**Work request**
A word-for-word copy is needed of the line containing "Women's Oversized Cropped Leather Jacket" and every line after it through the end of the records below, leaving out all pictures.

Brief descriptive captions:
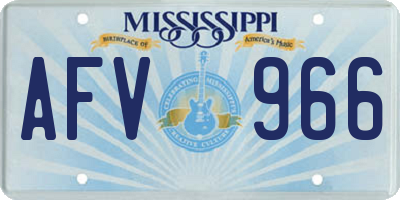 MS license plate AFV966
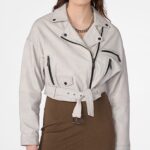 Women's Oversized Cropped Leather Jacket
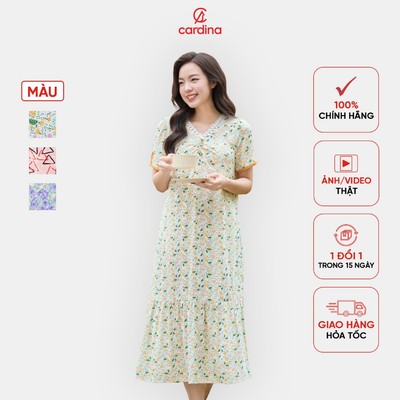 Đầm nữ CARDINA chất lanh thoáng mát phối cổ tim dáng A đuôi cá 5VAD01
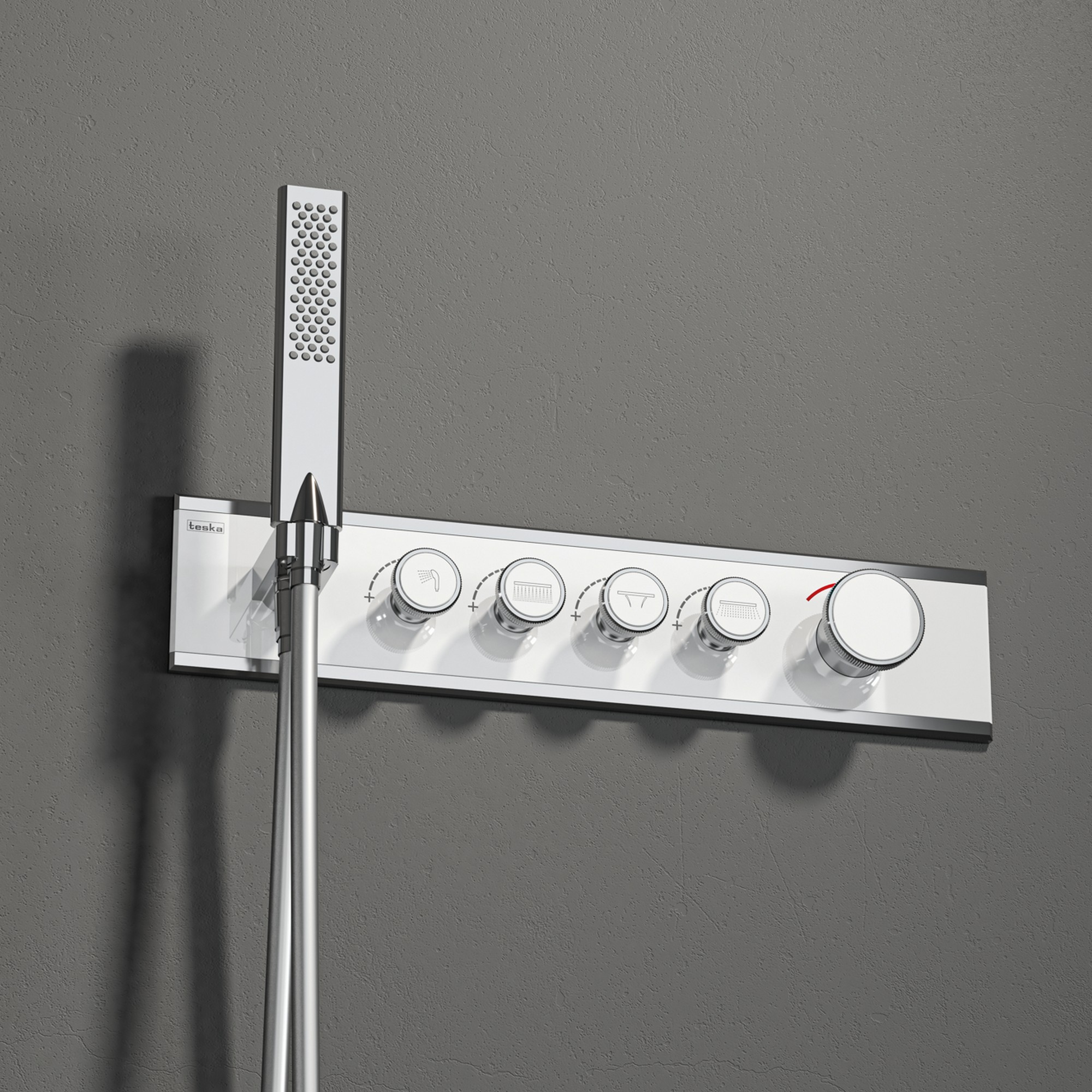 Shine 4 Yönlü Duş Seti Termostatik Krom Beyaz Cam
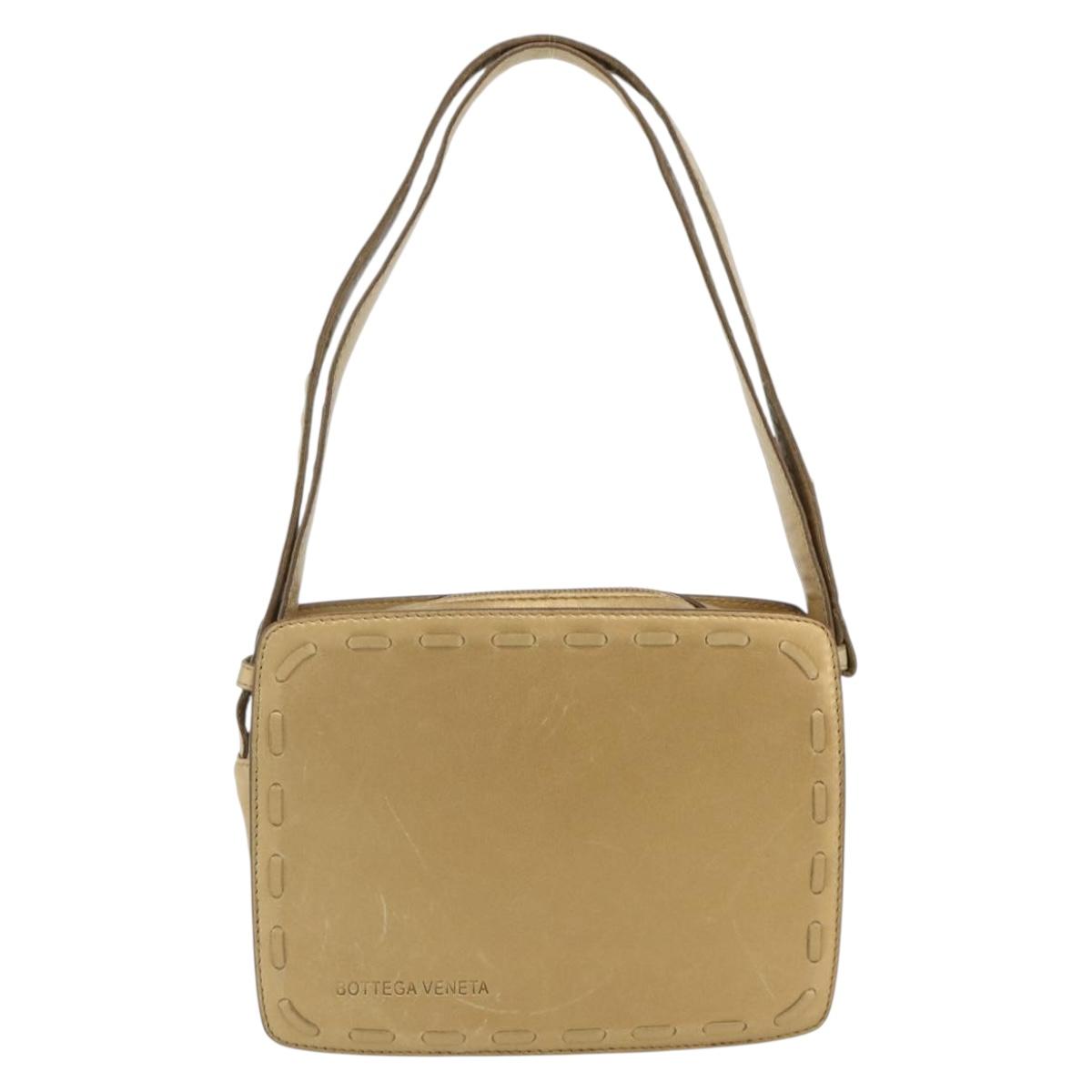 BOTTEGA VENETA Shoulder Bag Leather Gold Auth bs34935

**Response below**
 Women's Oversized Cropped Leather Jacket
 Đầm nữ CARDINA chất lanh thoáng mát phối cổ tim dáng A đuôi cá 5VAD01
 Shine 4 Yönlü Duş Seti Termostatik Krom Beyaz Cam
 BOTTEGA VENETA Shoulder Bag Leather Gold Auth bs34935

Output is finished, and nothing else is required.